Multiple Manager and Edge nodes are experiencing memory exhaustion, leading to repeated process crashes and core dump
search cancel

Multiple Manager and Edge nodes are experiencing memory exhaustion, leading to repeated process crashes and core dump

book

Article ID: 345928

calendar_today

Updated On:

Products

VMware NSX VMware NSX-T Data Center

Issue/Introduction

  • The NSX Manager appliance or NSX Edge node has very low available memory, causing processes to crash due to failed memory allocations. Alarms related to high memory utilization are also observed in /var/log/syslog
2025-05-26T10:24:05.130Z Example-EDGENODE NSX 18971 - [nsx@6876 comp="nsx-edge" subcomp="node-mgmt" username="root" level="CRITICAL" eventFeatureName="edge_health" eventType="edge_memory_usage_very_high" eventSev="critical" eventState="On"] The memory usage on Edge node #######-####-####-####-############ has reached 99% which is at or above the very high threshold value of 90%.
ag:02.428Z Example-EDGENODE NSX NSX 28058 - [nsx@6876 comp="nsx-edge" subcomp="node-mgmt" username="root" level="CRITICAL" eventFeatureName="edge_health" eventType="edge_memory_usage_very_high" eventSev="critical" eventState="On"] The memory usage on Edge node #######-####-####-####-############ has reached 99% which is at or above the very high threshold value of 90%.
  • Log lines similar to the below are encountered in /var/log/syslog:
    kernel - - - [13094823.723467] audit: audit_backlog=1187323 > audit_backlog_limit=8192
    kernel - - - [13094823.723469] audit: audit_lost=17229471 audit_rate_limit=0 audit_backlog_limit=8192
    kernel - - - [13094823.723470] audit: backlog limit exceeded
  • In the VM console of an NSX Edge node you might see:
    grsec: failed fork with errno ENOMEM by ...
  • Multiple cores were generated by the NSX Manager:
    In /var/log/core/
    core.java
    core.opsAgent
    core.perl
    core.python3
  • Multiple cores were generated by the NSX Edge Node:
    In /var/log/core/
    core.datapathd
    core.lb-dispatcher

Note: The preceding log excerpts are only examples. Date, time, and environmental variables may vary depending on your environment.

Environment

VMware NSX-T Data Center
VMware NSX

Cause

The kernel contains a defect related to the queuing of audit backlog messages. Due to this, backlog queue length can exceed the maximum configured queue length. New backlog entries are added to the queue but none are ever removed. Eventually this leads to the Manager/Edge completely running out of memory and multiple processes encountering memory allocation errors and crashes.

Resolution

This issue is resolved in VMware NSX-T 3.2.3 and VMware NSX 4.1.2, available at Broadcom downloads.
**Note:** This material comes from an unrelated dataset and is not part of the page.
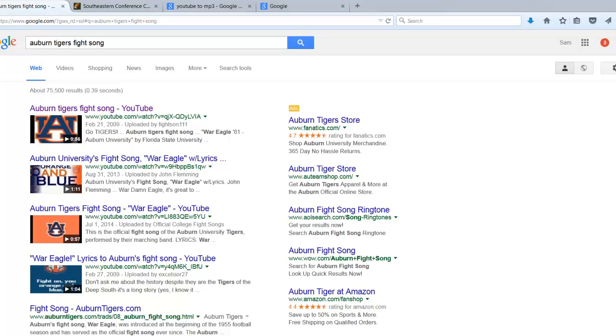In this short video, we're going to run through the process of finding a fight song and uploading it to your new Boom Blaster's Big Bubba USB horn. This is for the USB users. This also will work for the doorbells as well if you want to upload your own song. For example, we went up here and we typed in Auburn Tiger's fight song.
If you are having difficulty finding and downloading software, please review the Download Broadcom products and software KB.


Workaround:

  • Root access is required: Use 'start engineer' to access the root shell from admin shell, or log in as root directly on the NSX appliance.
  • Run the following commands to update the grub configuration:
    sed -i '/GRUB_CMDLINE_LINUX/s/audit=1//' /etc/default/grub
    update-grub
  • Then reboot the NSX appliance.